We've gotten two submissions to the amber-spec-comments list.

1.  "Forcing a pattern match", at: 
http://mail.openjdk.java.net/pipermail/amber-spec-comments/2017-November/000000.html

2.  "Named parameters in data classes", at: 
http://mail.openjdk.java.net/pipermail/amber-spec-comments/2017-November/000003.html


I think the first asks for an alternate form of the "matches" operator 
which would fail with a CCE, rather than evaluating to false, if the 
match fails.  This would be essentially saying, "This should match; if 
it doesn't, that's an error."  I think that's what's being asked, but 
then he talks about an "unnecessary instanceof check", which makes me 
wonder whether this is really just about optimization.

To be clear, the instanceof check is neither expensive nor unnecessary.  
(Though we can optimize these away when we know the static type of the 
target; if x is a Foo, then "x matches Foo f" can be statically 
strength-reduced to "x != null".)

Note that the "if member.getKind() == VARIABLE" is merely a manual 
optimization; you could easily leave that out and just match against 
VariableTree.  What we'd rather focus on is how to get to:

     switch (member) {
         case BlockTree bt: ...
         case VariableTree vt: ...
     }

while allowing the pattern to capture the quicker pre-test (kind == 
BLOCK) and maintain the performance without making the user worry about 
this.  We have some ideas here, but I don't think this "forcing" idea 
really offers a lot.


The second (named parameters) was a question I was expecting.

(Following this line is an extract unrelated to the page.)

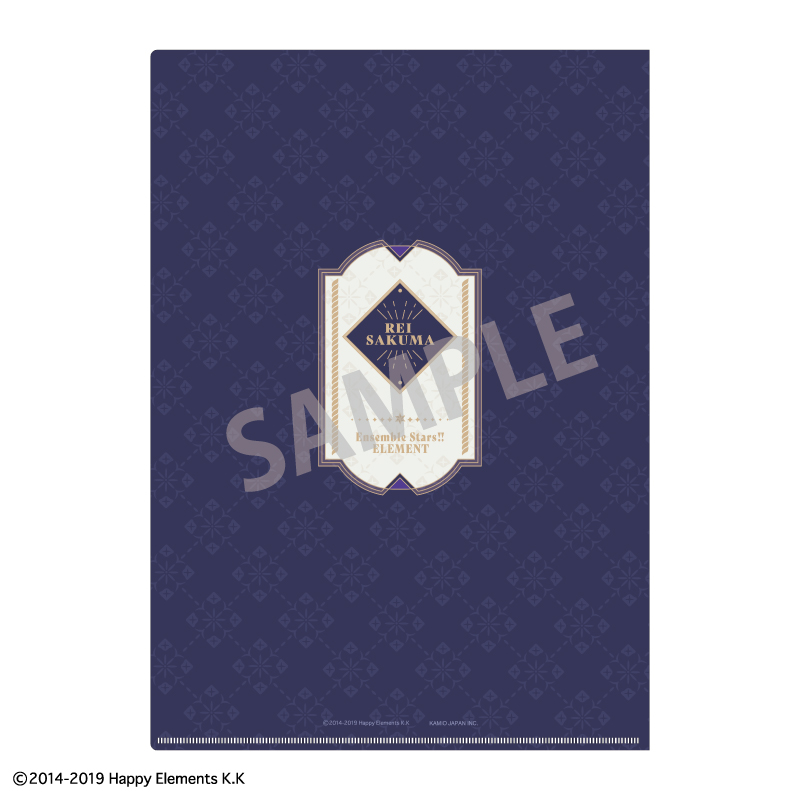 あんスタ クリアファイル 零 新品☆あんスタ☆UNDEAD【朔間零】リーダークリアファイル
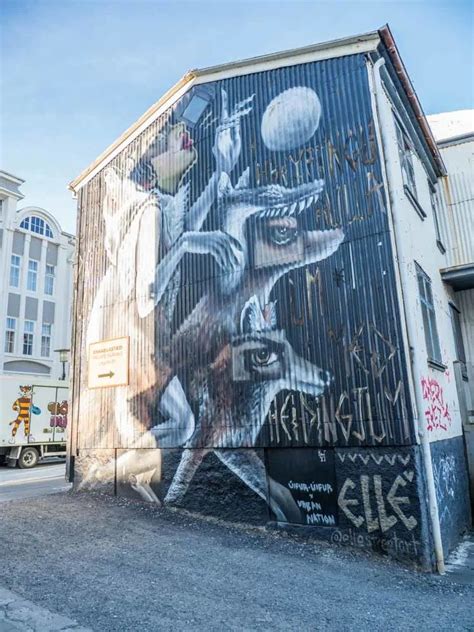 Reykjavik Street Art Heats Up on this Self Guided Tour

I agree that being able to invoke constructors and methods by name can 
sometimes result in easier-to-read code, especially when some parameters 
have a sensible default value.  (This is also a more complicated feature 
than anyone gives it credit for, so it's not the "gimme" it is often 
assumed to be.)

However, data classes is not the place to cram in this feature; this 
should be a feature that stands on its own, and applies to all classes, 
data- or not.  One of the design goals for data classes is that a data 
class should be essentially a "macro" for a class you could write by 
hand; this allows easy migration from existing classes to data classes 
(if they meet the requirements) and from data classes to full classes if 
they expand to no longer fit the data class profile.  The more that 
*uses* of data classes or their members are different from the 
corresponding use of regular classes, the more difficult this migration 
becomes.  (This is not unlike the design mandate with default methods; 
from the client perspective, they're just ordinary virtual methods, and 
you can't tell whether the method was implemented directly or inherited 
-- they're just methods.)

So, while named parameters are a reasonable feature to explore, trying 
to staple them onto data classes would be a mistake.  They are their own 
feature.  We're open to exploring it, but we've got our plate full for now.